Exercise: Would you return exactly the lines below from the line with "Радиатор охлаждения двигателя" through the line with "Damina Performance DM19", both included, and nothing else, leaving out the pictures?

Data extracts:
+---+

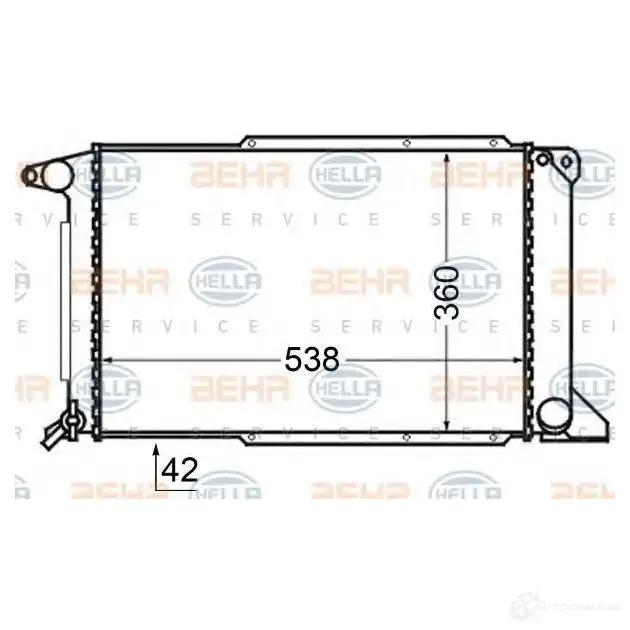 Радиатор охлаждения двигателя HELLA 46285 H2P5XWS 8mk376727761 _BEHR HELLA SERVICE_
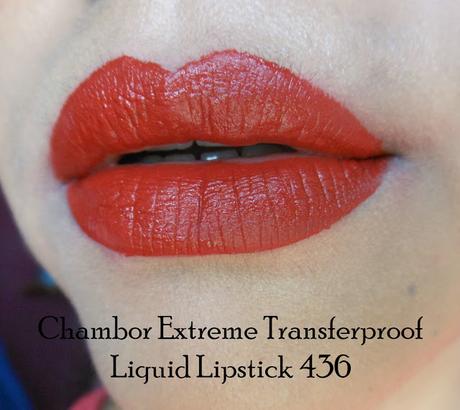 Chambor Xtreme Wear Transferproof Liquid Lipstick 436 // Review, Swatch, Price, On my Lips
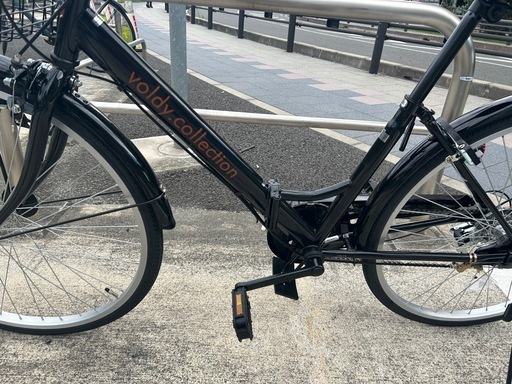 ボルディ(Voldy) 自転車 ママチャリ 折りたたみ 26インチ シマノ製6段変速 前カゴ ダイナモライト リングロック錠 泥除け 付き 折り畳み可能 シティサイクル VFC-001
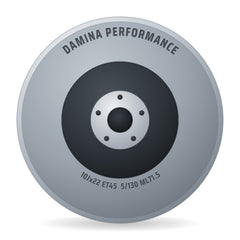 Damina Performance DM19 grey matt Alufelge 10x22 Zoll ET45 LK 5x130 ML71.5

+---+

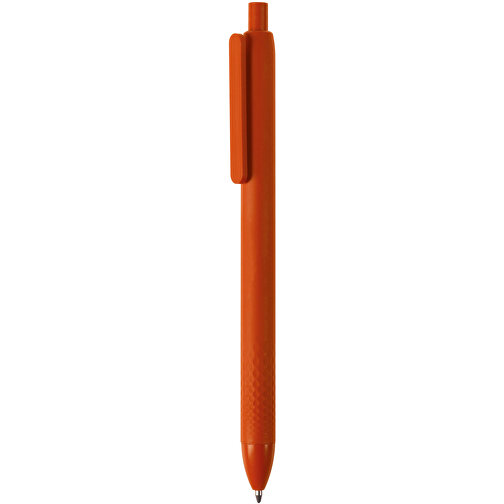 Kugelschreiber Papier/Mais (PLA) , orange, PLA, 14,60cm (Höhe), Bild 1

+---+

Answer section:
 Радиатор охлаждения двигателя HELLA 46285 H2P5XWS 8mk376727761 _BEHR HELLA SERVICE_
 Chambor Xtreme Wear Transferproof Liquid Lipstick 436 // Review, Swatch, Price, On my Lips
 ボルディ(Voldy) 自転車 ママチャリ 折りたたみ 26インチ シマノ製6段変速 前カゴ ダイナモライト リングロック錠 泥除け 付き 折り畳み可能 シティサイクル VFC-001
 Damina Performance DM19 grey matt Alufelge 10x22 Zoll ET45 LK 5x130 ML71.5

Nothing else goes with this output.